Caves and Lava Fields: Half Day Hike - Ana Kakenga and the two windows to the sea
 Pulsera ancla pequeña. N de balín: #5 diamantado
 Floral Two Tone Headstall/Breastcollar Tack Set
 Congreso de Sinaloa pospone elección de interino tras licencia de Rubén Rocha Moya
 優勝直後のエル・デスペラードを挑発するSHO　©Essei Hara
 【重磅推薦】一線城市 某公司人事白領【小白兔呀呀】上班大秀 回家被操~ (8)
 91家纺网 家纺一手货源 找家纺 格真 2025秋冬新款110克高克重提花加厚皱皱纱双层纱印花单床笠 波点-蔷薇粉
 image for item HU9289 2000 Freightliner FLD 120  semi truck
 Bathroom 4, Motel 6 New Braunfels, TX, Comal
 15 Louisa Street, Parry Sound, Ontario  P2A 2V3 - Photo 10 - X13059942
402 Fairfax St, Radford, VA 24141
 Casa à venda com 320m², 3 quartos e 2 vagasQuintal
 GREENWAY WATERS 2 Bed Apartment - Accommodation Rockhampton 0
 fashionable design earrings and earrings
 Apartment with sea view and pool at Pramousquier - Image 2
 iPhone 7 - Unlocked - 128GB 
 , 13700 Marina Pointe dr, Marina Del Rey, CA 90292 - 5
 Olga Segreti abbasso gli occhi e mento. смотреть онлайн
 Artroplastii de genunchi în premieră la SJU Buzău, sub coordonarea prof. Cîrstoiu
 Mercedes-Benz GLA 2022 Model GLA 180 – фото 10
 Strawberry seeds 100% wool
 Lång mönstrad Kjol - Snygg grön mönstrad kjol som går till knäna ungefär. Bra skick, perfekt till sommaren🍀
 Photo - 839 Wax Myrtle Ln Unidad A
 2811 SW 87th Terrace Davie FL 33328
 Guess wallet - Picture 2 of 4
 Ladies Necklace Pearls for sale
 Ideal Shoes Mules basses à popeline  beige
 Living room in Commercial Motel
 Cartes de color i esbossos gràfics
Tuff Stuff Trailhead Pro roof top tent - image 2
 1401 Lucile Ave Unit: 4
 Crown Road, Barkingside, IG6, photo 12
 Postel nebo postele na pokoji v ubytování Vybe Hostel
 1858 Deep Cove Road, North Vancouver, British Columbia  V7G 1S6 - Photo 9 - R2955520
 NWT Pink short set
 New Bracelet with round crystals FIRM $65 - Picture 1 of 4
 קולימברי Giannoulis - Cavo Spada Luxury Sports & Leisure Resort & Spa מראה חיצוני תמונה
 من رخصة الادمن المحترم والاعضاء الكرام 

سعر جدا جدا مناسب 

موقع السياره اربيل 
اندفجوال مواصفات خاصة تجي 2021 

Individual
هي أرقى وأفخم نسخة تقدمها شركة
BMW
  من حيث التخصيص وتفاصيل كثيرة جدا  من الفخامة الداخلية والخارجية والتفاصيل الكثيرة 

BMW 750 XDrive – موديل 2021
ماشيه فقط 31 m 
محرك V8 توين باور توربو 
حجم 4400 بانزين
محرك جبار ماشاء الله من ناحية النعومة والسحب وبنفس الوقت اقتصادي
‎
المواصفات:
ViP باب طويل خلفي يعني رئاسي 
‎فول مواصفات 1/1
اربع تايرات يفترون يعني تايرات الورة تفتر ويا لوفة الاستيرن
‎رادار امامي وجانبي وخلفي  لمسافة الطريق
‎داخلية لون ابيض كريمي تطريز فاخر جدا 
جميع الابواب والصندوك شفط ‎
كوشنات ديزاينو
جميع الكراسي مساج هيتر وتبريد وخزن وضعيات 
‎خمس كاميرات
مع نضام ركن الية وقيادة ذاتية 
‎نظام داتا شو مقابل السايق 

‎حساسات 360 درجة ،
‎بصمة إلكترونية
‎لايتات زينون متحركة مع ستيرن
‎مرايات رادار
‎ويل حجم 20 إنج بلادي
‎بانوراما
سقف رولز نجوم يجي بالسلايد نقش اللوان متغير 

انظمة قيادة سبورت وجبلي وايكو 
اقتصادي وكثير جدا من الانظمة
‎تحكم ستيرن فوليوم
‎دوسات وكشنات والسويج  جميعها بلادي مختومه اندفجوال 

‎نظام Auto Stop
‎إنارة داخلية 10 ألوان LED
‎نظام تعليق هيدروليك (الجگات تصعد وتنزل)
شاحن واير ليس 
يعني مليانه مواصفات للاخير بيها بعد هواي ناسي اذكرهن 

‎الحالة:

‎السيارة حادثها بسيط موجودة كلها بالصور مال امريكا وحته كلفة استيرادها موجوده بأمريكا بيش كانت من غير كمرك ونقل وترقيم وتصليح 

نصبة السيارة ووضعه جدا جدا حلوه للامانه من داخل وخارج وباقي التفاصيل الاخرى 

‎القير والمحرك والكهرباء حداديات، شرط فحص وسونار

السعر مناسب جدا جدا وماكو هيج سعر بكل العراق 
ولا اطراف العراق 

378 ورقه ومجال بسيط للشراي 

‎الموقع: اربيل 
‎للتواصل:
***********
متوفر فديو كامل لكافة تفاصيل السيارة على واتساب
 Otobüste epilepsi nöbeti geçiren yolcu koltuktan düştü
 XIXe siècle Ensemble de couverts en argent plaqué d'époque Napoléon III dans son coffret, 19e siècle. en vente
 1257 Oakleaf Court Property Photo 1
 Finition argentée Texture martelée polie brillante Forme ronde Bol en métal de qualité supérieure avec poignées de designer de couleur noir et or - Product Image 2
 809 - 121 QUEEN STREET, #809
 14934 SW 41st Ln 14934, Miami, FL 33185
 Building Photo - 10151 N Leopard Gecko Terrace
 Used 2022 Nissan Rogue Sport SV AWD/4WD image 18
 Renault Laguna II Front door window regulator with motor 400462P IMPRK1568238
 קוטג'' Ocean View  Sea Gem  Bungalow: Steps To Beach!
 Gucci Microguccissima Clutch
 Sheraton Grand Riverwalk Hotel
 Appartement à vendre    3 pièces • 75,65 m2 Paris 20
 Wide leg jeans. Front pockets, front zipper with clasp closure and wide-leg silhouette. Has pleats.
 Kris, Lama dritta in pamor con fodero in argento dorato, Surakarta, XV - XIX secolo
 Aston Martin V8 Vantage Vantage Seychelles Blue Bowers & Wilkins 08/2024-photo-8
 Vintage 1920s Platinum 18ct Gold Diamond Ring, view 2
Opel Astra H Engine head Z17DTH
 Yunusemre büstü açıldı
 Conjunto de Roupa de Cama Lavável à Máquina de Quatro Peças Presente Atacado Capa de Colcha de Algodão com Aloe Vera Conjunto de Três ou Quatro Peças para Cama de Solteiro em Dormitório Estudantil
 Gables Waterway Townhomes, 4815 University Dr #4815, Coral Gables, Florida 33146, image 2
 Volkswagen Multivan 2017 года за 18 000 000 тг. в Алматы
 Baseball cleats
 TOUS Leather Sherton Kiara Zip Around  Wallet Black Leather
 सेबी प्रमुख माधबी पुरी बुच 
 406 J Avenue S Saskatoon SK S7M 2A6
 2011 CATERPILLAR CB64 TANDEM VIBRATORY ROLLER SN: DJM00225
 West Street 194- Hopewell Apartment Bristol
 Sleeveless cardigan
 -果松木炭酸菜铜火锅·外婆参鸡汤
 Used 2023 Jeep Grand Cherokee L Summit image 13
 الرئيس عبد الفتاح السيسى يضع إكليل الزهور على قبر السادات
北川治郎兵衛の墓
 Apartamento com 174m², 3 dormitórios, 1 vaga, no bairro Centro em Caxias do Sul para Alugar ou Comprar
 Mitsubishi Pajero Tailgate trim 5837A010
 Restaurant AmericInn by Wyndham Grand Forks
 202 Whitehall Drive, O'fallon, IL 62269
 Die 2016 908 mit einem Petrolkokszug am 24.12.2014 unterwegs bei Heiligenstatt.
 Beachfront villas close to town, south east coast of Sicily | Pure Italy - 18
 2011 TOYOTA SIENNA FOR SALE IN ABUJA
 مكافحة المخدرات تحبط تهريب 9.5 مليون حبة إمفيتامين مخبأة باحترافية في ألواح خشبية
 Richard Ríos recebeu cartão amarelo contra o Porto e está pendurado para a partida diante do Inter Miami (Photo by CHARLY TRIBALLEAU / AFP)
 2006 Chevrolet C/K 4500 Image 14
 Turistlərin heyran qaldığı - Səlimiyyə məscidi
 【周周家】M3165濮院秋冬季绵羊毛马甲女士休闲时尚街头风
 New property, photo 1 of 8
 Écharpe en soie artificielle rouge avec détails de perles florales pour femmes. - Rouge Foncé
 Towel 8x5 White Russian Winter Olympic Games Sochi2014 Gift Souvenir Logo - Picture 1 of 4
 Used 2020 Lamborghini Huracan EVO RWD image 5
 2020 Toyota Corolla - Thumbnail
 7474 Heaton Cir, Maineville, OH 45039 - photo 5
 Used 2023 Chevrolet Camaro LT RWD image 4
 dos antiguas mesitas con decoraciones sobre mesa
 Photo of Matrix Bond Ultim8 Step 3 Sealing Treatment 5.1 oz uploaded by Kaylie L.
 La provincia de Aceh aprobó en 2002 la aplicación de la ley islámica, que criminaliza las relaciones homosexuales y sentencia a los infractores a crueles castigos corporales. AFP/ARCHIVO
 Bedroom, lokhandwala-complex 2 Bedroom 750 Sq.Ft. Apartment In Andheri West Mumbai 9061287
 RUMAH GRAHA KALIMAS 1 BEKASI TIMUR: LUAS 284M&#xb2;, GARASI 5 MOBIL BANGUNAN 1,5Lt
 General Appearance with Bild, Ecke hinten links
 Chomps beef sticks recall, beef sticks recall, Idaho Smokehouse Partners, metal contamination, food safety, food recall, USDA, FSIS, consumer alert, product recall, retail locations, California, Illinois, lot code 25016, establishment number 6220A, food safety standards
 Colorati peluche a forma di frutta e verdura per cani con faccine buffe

Work to be completed: Reproduce the records above exactly, from the first line to the line that holds "某公司人事白領【小白兔呀呀】上班大秀 回家被操~ (8)", inclusive, and omit everything after it.

Problem solution:
Caves and Lava Fields: Half Day Hike - Ana Kakenga and the two windows to the sea
 Pulsera ancla pequeña. N de balín: #5 diamantado
 Floral Two Tone Headstall/Breastcollar Tack Set
 Congreso de Sinaloa pospone elección de interino tras licencia de Rubén Rocha Moya
 優勝直後のエル・デスペラードを挑発するSHO　©Essei Hara
 【重磅推薦】一線城市 某公司人事白領【小白兔呀呀】上班大秀 回家被操~ (8)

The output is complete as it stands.